Michael Joseph Walsh’s debut poetry collection Innocence begins with an epigraph from the Chinese poet and Tang dynasty politician Du Fu: “the country is broken; the mountains and rivers remain.” From the outset, Walsh goes about exploring the remnants of an ecological, affective, and civil disaster: one that is already underway and also in the making, both inside and outside national boundaries. The collection’s speaker feels, at times, nonhuman—traveling like a drone through what’s “destroying the cared-for air,” contemplating “another creatured life” with the rewired consciousness of a long-dead philosopher, dispensing fragmented images of “the written-on earth” at a machine’s fast pace. While this speaker conjures a sharp critique, the poems of Innocence stay radically optimistic.

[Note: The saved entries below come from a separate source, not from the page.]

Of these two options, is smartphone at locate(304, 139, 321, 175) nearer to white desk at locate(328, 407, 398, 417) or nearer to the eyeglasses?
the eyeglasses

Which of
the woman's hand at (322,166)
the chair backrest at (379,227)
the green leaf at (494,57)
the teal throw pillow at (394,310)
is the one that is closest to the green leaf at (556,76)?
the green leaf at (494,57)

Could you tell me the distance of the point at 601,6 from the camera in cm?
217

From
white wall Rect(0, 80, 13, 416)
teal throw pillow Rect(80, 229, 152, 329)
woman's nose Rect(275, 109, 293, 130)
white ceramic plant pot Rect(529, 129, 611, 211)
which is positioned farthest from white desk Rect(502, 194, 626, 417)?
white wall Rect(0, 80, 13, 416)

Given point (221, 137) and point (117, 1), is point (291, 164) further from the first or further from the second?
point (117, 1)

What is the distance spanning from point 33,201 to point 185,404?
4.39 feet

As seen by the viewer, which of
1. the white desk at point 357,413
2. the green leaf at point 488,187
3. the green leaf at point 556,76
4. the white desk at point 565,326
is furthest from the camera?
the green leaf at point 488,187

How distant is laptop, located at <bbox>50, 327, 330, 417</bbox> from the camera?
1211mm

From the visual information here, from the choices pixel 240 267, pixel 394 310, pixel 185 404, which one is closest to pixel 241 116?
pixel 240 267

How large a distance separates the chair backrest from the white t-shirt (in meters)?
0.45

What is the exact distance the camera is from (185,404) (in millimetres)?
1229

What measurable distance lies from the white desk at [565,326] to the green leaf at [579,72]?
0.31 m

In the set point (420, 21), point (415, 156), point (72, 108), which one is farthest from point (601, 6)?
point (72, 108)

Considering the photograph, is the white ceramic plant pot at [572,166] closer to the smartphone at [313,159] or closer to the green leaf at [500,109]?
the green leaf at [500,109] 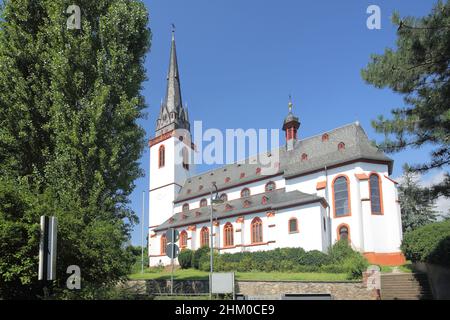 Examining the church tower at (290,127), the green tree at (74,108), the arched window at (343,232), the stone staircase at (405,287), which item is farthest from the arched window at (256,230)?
the green tree at (74,108)

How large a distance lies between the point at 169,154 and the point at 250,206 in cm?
1807

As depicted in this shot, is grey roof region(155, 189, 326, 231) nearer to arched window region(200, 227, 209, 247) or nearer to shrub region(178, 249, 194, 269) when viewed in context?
arched window region(200, 227, 209, 247)

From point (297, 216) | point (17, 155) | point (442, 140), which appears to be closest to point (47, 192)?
point (17, 155)

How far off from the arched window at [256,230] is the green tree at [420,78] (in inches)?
1090

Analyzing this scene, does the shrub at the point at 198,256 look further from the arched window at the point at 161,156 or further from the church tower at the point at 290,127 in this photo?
the arched window at the point at 161,156

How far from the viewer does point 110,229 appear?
12.0 metres

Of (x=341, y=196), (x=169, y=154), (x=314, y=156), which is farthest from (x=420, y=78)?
(x=169, y=154)

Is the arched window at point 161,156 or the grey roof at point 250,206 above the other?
the arched window at point 161,156

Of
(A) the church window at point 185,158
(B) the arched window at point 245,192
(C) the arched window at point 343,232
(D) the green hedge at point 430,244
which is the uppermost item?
(A) the church window at point 185,158

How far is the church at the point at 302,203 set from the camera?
35812mm

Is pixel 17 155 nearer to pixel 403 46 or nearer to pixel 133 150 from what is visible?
pixel 133 150

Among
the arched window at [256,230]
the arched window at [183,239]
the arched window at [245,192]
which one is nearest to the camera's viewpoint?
the arched window at [256,230]

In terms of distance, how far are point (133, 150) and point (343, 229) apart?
2629cm

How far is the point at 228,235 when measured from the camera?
143 feet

The collection’s critique is embodied by its cover, which shows clouds contained within ice cubes, and continues into the opening poem, “Innocence.” The eponymous quality—once primarily binding womanhood to chastity and childhood to purity—is portrayed here as a label that is meant to performatively defend our actions and absolve us from any responsibility for the environmental crisis:

A volcano of oil is flowing,
and we believe in it,
and call it our innocence.
We admire ourselves

amongst ourselves, not denying
the derisory squeals
into which our avatars
plunge.

It is one thing to passively watch the volcano of oil flowing and another to create a belief system out of that disaster, to deify it. The volcano—which is representative of Walsh’s imagery, charged with political significance by simple diction—erupts with a criticism of those who not only claim innocence, but find self-admiration in that false claim, and have the privilege of avoiding any discussion of consequence. Switching from the first-person singular pronoun—used in this and other poems to signify the positions of the witness (“I will write this as it occurs”) and the visionary prophet (“as the golden / poem ‘I am breathing,’ the moaning of / the I who meets the eye”)—the plural “we” includes the poet in the collective that is both culpable for this calamity and susceptible to its consequences.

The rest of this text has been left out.